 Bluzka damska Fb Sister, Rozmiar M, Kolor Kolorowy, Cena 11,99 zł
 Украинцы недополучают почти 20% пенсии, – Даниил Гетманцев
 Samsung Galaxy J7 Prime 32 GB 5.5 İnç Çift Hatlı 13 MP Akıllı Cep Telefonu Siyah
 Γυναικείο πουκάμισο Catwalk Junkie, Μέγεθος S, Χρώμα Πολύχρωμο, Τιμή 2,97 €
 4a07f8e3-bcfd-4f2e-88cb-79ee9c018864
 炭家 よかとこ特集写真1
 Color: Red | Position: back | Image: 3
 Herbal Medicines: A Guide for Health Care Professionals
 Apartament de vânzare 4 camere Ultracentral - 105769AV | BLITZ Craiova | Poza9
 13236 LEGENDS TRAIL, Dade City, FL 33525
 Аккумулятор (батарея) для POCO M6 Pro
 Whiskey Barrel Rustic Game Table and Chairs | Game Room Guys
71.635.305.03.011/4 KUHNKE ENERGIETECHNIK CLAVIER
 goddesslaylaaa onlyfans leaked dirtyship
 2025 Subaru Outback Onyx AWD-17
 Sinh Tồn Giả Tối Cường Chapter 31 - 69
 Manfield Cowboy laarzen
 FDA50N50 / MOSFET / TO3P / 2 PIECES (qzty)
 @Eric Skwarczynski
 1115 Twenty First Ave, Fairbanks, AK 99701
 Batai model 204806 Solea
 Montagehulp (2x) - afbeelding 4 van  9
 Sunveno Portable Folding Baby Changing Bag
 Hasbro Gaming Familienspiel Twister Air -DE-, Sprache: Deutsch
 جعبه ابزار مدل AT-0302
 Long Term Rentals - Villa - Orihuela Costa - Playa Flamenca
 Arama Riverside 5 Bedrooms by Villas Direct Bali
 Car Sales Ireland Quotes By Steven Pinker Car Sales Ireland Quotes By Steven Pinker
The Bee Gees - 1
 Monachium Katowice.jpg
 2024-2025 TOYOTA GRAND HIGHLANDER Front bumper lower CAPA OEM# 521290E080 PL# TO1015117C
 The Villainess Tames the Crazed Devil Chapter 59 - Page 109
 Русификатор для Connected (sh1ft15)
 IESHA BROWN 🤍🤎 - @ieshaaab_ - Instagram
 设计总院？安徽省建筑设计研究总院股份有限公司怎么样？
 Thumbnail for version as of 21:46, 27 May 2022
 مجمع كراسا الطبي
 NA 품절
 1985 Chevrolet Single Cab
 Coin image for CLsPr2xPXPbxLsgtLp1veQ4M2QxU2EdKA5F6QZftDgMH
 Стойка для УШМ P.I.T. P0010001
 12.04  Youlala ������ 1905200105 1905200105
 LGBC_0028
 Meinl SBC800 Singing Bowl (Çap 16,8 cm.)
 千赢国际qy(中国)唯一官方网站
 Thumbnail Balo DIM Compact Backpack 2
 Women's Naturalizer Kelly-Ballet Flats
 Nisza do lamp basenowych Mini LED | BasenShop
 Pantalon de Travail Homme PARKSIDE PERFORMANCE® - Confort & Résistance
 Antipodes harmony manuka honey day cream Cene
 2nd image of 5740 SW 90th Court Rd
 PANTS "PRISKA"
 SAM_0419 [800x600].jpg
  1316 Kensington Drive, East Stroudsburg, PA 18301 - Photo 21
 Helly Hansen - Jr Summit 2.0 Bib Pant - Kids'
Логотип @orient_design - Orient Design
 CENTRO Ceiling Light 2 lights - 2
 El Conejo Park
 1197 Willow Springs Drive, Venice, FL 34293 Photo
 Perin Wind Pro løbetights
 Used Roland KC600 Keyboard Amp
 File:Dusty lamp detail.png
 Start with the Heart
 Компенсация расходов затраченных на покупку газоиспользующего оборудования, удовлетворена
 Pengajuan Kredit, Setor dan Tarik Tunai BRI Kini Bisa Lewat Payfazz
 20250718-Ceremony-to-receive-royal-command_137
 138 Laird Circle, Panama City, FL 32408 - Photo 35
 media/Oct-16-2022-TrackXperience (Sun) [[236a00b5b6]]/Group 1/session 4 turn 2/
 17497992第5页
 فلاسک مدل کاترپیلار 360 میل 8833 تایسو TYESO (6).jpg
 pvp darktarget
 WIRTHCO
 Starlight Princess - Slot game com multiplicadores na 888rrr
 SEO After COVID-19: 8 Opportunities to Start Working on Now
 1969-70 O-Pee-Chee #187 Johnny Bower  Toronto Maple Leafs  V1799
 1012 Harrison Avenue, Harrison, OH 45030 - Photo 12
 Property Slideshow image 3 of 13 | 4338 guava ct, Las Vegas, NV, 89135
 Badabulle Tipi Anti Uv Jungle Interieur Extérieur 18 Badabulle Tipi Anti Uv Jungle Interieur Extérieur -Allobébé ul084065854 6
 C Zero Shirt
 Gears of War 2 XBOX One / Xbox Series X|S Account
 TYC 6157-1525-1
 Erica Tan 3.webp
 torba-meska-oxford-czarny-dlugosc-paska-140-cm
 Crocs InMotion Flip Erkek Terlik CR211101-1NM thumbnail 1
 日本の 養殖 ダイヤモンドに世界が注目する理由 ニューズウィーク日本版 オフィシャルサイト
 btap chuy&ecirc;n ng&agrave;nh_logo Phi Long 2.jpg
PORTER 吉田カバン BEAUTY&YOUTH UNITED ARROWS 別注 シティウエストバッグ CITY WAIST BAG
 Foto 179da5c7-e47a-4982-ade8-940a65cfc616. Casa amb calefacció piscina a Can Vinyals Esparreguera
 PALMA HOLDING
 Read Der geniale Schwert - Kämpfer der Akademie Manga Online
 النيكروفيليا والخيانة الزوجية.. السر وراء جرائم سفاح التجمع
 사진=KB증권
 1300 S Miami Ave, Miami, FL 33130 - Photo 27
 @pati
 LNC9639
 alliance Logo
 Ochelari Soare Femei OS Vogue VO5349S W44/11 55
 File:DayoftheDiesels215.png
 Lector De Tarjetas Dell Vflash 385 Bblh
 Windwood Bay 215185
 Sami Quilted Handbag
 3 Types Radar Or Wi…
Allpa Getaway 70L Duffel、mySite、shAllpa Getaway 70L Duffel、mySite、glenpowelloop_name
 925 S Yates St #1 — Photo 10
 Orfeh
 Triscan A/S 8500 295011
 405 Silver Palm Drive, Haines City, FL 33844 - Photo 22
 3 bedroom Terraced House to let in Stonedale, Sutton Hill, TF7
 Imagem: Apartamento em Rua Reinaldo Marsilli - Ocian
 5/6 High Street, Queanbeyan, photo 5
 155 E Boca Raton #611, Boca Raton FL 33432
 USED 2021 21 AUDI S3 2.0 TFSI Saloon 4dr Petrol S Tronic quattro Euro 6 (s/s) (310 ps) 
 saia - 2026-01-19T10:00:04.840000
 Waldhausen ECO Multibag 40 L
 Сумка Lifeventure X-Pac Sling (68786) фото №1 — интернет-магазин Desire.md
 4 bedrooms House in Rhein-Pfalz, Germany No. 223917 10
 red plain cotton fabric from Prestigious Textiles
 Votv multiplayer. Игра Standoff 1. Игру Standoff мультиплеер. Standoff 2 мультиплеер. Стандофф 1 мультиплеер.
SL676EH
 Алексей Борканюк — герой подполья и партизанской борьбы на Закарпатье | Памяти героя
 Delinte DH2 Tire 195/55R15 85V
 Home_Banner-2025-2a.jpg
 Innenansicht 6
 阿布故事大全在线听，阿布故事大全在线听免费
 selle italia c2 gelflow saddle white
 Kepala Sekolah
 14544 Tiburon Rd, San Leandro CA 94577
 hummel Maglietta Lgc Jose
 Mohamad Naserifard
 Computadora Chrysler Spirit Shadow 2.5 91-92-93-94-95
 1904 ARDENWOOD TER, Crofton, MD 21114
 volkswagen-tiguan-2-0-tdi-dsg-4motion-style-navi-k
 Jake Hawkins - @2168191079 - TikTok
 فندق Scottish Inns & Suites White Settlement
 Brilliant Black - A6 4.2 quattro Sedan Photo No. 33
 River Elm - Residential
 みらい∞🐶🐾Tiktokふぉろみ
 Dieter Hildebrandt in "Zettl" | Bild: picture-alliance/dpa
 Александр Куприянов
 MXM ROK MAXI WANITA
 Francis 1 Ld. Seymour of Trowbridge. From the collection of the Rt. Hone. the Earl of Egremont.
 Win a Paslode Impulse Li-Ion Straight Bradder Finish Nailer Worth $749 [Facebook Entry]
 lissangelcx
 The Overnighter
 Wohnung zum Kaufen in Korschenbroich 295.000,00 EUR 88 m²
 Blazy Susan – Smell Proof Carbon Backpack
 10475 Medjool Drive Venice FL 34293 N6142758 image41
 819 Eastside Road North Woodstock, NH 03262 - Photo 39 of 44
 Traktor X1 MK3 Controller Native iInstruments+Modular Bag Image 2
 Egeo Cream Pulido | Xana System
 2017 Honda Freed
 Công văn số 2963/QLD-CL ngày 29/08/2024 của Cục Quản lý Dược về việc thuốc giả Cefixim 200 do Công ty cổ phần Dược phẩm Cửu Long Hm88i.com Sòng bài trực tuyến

+---+

What you need to do
What lines above contain "House"? Copy them out.

Answer to the exercise
 3 bedroom Terraced House to let in Stonedale, Sutton Hill, TF7
 4 bedrooms House in Rhein-Pfalz, Germany No. 223917 10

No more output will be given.